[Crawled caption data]
+ + + + + + +

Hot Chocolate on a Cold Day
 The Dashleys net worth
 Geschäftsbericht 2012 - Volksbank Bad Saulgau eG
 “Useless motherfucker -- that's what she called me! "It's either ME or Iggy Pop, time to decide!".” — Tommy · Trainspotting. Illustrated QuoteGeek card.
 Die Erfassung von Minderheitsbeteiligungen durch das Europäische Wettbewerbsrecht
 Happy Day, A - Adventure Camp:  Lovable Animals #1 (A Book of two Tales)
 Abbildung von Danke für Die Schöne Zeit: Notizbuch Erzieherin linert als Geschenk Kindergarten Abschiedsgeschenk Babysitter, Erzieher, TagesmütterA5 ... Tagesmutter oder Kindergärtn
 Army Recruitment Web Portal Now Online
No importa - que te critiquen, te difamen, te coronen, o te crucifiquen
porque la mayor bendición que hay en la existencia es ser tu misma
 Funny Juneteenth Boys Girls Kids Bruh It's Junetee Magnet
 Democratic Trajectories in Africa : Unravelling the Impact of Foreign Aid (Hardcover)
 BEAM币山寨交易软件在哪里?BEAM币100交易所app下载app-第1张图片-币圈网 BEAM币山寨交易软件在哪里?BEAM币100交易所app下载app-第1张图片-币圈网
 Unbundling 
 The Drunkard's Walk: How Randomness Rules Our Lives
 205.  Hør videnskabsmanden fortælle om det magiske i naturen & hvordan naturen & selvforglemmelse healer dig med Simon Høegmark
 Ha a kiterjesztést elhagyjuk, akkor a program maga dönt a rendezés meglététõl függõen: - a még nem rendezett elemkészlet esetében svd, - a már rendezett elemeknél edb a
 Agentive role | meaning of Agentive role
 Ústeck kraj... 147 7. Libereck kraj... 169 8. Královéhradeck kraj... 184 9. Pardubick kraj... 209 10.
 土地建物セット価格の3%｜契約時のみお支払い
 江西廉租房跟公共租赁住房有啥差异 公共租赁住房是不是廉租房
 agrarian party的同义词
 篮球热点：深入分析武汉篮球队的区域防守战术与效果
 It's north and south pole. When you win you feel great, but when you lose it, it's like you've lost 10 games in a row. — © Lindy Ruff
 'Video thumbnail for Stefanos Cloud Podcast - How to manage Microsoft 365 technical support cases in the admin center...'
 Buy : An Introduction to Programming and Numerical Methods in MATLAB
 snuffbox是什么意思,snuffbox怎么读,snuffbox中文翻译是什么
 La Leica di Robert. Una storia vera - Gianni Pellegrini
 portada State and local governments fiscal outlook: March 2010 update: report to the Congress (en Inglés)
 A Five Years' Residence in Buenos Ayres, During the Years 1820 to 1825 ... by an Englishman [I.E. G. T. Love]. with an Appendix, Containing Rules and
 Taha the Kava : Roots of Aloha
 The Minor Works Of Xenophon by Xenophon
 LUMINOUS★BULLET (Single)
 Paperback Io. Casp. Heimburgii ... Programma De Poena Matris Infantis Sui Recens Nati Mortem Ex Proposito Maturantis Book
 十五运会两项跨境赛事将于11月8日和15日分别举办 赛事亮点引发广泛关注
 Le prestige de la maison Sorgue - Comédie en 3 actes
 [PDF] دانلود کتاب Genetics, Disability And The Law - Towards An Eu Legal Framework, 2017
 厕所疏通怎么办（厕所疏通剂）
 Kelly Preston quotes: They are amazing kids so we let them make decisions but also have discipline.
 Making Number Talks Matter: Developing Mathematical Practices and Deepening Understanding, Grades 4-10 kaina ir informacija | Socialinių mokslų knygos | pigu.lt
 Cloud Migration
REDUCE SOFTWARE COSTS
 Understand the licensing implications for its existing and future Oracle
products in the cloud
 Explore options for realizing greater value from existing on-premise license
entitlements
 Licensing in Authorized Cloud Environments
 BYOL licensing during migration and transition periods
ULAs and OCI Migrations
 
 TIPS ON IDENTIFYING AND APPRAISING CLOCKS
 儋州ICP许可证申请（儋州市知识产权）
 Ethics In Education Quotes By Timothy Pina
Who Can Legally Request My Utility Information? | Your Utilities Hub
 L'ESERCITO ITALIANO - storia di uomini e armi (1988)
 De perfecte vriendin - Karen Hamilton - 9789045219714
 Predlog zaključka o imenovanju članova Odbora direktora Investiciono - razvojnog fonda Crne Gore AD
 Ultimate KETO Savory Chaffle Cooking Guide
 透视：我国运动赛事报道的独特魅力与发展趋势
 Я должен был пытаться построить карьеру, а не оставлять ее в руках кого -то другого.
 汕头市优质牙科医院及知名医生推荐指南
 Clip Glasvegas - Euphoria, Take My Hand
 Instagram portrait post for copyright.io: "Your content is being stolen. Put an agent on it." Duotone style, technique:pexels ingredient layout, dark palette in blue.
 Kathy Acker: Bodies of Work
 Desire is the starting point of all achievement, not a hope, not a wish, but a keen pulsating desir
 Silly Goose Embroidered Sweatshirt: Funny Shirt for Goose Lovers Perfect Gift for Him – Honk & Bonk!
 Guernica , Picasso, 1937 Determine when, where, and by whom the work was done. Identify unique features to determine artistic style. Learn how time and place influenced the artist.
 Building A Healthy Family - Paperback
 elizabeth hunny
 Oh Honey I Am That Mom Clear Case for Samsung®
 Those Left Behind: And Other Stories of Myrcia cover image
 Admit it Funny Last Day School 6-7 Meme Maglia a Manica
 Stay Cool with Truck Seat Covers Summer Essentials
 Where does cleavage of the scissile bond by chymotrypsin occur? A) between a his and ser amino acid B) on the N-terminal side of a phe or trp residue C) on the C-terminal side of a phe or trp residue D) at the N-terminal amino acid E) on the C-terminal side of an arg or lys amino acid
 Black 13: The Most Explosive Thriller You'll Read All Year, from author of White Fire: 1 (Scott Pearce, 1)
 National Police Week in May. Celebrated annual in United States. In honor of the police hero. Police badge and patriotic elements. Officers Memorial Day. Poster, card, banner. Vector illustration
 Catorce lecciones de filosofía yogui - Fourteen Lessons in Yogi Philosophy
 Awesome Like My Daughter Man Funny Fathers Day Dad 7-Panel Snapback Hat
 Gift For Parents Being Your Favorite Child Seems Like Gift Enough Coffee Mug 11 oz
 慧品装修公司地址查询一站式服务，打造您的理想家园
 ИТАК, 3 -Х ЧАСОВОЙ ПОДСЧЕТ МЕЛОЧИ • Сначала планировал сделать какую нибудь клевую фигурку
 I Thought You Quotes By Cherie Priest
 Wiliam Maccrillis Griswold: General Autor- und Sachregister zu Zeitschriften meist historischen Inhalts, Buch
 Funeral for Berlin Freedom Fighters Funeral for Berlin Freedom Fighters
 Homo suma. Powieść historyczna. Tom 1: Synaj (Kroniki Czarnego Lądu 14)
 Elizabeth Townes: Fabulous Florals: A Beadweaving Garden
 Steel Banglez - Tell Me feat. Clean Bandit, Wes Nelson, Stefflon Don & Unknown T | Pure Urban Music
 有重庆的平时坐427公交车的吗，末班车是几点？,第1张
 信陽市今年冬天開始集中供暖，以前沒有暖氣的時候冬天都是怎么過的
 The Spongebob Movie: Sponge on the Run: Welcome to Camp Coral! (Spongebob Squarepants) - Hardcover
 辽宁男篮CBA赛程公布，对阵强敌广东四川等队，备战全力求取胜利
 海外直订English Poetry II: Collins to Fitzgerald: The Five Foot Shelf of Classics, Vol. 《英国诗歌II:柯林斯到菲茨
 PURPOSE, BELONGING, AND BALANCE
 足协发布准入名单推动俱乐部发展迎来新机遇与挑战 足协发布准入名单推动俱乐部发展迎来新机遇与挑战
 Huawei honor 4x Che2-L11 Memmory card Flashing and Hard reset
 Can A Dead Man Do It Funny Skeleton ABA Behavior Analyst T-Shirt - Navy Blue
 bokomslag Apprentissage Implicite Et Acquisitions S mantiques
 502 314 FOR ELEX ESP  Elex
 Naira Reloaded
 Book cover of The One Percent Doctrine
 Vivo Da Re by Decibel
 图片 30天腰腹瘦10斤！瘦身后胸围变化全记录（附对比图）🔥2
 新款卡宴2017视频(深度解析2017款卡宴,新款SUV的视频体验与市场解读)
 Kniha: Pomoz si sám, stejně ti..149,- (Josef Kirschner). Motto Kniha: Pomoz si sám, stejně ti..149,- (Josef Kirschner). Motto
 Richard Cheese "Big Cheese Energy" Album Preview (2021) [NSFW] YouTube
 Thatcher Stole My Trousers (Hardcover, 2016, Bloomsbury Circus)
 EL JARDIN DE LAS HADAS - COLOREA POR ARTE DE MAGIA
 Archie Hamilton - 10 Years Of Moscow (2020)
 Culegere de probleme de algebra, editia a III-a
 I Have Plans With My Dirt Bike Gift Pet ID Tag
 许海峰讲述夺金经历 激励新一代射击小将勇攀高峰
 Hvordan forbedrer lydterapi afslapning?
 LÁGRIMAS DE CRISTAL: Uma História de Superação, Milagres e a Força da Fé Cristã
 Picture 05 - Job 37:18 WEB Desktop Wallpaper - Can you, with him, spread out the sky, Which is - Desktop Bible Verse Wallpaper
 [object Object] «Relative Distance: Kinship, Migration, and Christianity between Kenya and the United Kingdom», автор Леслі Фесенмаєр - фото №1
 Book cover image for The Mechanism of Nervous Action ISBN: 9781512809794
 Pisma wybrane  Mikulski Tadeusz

+ + + + + + +

THE PROBLEM: For the string "Paperback", filter the data and copy out each line where it occurs.

ANSWER TO THIS TASK:
 Paperback Io. Casp. Heimburgii ... Programma De Poena Matris Infantis Sui Recens Nati Mortem Ex Proposito Maturantis Book
 Building A Healthy Family - Paperback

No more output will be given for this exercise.